Collection entries:
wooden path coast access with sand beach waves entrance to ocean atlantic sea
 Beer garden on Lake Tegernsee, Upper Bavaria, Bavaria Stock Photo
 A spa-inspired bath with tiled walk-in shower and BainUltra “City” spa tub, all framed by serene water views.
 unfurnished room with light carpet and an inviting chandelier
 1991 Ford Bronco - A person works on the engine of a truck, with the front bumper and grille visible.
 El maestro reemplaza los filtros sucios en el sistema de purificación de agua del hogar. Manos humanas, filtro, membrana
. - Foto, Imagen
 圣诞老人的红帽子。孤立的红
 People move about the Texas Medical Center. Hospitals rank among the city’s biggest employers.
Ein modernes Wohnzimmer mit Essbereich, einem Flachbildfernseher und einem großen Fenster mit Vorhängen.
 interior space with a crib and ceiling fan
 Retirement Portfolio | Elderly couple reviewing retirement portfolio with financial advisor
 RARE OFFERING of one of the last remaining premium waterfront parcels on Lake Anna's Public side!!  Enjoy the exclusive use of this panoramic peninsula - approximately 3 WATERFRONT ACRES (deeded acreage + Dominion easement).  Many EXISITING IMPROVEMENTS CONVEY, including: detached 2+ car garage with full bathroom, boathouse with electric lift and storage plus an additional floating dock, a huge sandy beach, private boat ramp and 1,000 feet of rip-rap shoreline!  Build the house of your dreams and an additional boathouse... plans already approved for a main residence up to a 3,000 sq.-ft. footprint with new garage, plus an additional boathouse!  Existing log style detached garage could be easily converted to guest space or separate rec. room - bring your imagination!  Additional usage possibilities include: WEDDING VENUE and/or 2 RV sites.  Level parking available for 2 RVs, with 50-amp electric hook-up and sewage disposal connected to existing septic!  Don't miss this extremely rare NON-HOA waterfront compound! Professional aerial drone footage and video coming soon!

**Assignment**
Looking at the entries above, can you reproduce exactly the lines from the one that holds "People move about" through the one that holds "Retirement Portfolio |", and only those?

**Exercise result**
 People move about the Texas Medical Center. Hospitals rank among the city’s biggest employers.
Ein modernes Wohnzimmer mit Essbereich, einem Flachbildfernseher und einem großen Fenster mit Vorhängen.
 interior space with a crib and ceiling fan
 Retirement Portfolio | Elderly couple reviewing retirement portfolio with financial advisor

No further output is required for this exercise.